Faute d’avoir respecté les prescriptions de l’article L. 133-3 susvisé, l’action en garantie de CD TRANS à l’égard de LDPI, est éteinte et donc irrecevable.
Le jugement déféré sera infirmé en ce qu’il a déclaré recevable l’action de CD TRANS à l’égard de LDPI.
2) Sur la responsabilité de LDPI
Dès lors que l’action en responsabilité de CD TRANS à l’égard de LDPI est irrecevable, la demande de condamnation au paiement de la somme de 2 960 euros fondée sur cette action, devient sans objet.
Le jugement déféré sera infirmé en ce qu’il a condamné LDPI à payer à CD TRANS une indemnité fondée sur cette action sur ce point.
III Sur les dépens et l’article 700 du code de procédure civile
En première instance
Sur la condamnation aux dépens
Le jugement déféré sera infirmé en ce qu’il a condamné LDPI à payer les dépens de première instance.
Il y a lieu de condamner CD TRANS au paiement des dépens de première instance.
Sur la condamnation en application de l’article 700 du code de procédure civile
LDPI sollicite l’infirmation du jugement concernant sa condamnation au paiement d’une indemnité en application de l’article 700 du code de procédure civile aux sociétés ADS PROTECTION POLE PROTECTION SERVICES PRIVES et la condamnation de CD TRANS à payer ces sommes.

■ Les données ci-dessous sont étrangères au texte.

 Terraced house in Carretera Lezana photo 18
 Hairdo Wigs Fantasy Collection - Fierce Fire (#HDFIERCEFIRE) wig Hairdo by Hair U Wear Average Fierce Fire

Elle ne forme aucune autre demande en application de l’article 700 du code de procédure civile et pas davantage, les autres parties.
Le jugement déféré sera donc confirmé pour le surplus de condamnation en application de l’article 700 du code de procédure civile.
En appel
Partie perdante en appel, CD TRANS sera condamnée aux dépens d’appel et à payer à DARTY, XL et à LDPI, en application de l’article 700 du code de procédure civile, une indemnité qui sera, en équité, fixée à la somme de 5 000 euros due respectivement à chacune.
PAR CES MOTIFS
LA COUR,
statuant publiquement, en dernier ressort, par arrêt contradictoire, mis à disposition au greffe,
et dans les limites des appels,
Confirme le jugement en ses dispositions relatives à:
— la condamnation de CD TRANS au paiement de la somme de 2 960 euros augmentée des intérêts au taux légal à compter de l’assignation, avec capitalisation des intérêts ;
— la condamnation de LDPI à payer la somme de 3 000 euros à CD TRANS au titre de l’article 700 du code de procédure civile ;
L’infirme en ce qu’il a :
— déclaré recevable l’action de CD TRANS à l’égard de LDPI ;
— condamné LDPI à payer à CD TRANS la somme de 2 960 euros augmentée des intérêts au taux légal avec capitalisation des intérêts ;
— condamné LDPI à payer les dépens de première instance ;
Statuant à nouveau,
Dit irrecevable car forclose l’action de CD TRANS à l’égard de LDPI ;
Condamne CD TRANS aux dépens de première instance ;
Y ajoutant,
Condamne CD TRANS aux dépens d’appel, lesquels seront recouvrés conformément aux dispositions de l’article 699 du code de procédure civile;
Condamne CD TRANS à payer à DARTY, XL et à LDPI, en application de l’article 700 du code de procédure civile, la somme de 5 000 euros due respectivement à chacune, en application de l’article 700 du code de procédure civile.
Déboute CD TRANS de sa demande formée de ce chef ;
Rappelle que l’obligation de rembourser résulte de plein droit de la réformation du jugement de première instance ayant alloué des sommes d’argent.